It took a full decade to manage a sequel to 1991’s “The Silence of the Lambs,” largely because filmmakers had to wait for Thomas Harris, a notorious perfectionist, to produce a followup to his book. The result was “Hannibal,” which was quickly rushed into production and emerged last year as a smash despite a critical drubbing. People still loved Hannibal Lecter, and lined up in droves to watch Anthony Hopkins camp it up in the role. It’s not surprising that the producers wanted to continue the series, or that they could hardly give Harris another decade to come up with a basis for it.
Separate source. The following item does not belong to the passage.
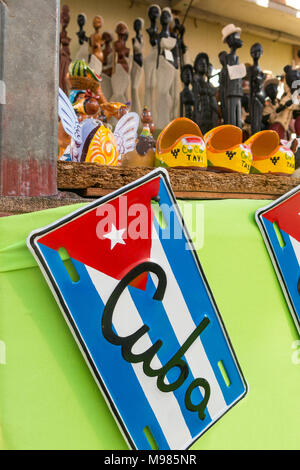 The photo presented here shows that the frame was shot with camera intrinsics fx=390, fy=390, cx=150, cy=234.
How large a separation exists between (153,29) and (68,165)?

So they decided to do what was in effect a prequel–an adaptation of the author’s 1981 novel, in which Lecter had been introduced in a supporting role. The only problem was that “Red Dragon” had already been made into a quite good film by Michael Mann in 1986, with an excellent cast that included William Petersen (now of “C.S.I.”) as ex-FBI agent Will Graham and unheralded Brian Cox as a nicely creepy Hannibal. Fortunately in that case the name had been changed to “Manhunter,” and for some reason relatively few people went to see it. So while this new version is essentially a remake of a picture only a decade and a half old, many moviegoers won’t have seen its predecessor, or, if they did, perhaps even realize “Red Dragon” is the same story.
Fortunately the complicated genealogy probably won’t matter to most viewers, because Brett Ratner’s version of “Red Dragon” proves a nicely executed, reasonably faithful adaptation of a book that is a worthy complement to “Lambs” (as the third volume, unfortunately, was not). It’s just about as chilling and unsettling as “Manhunter” was, and though it can’t recapture the sense of newness that “Lambs” provided and its serial-killer plot has become rather ordinary after a passage of twenty years, it’s far superior to the grisly, silly “Hannibal.” That comes as rather a surprise, considering Ratner’s participation. Absolutely nothing in the helmer’s past pictures– “Money Talks,” “The Family Man” and the two “Rush Hour” films–suggested that he had a taste for the macabre or the skill to pull off such a dark and disturbing piece of work. Its grim, shadowy appearance (courtesy of DP Dante Spinotti) is a better fit for the material than Mann’s preferred gleaming, antiseptic look was, and Danny Elfman’s score is, if conventional and a mite overwhelming at points, a major plus, creating a strong sense of menace and tension.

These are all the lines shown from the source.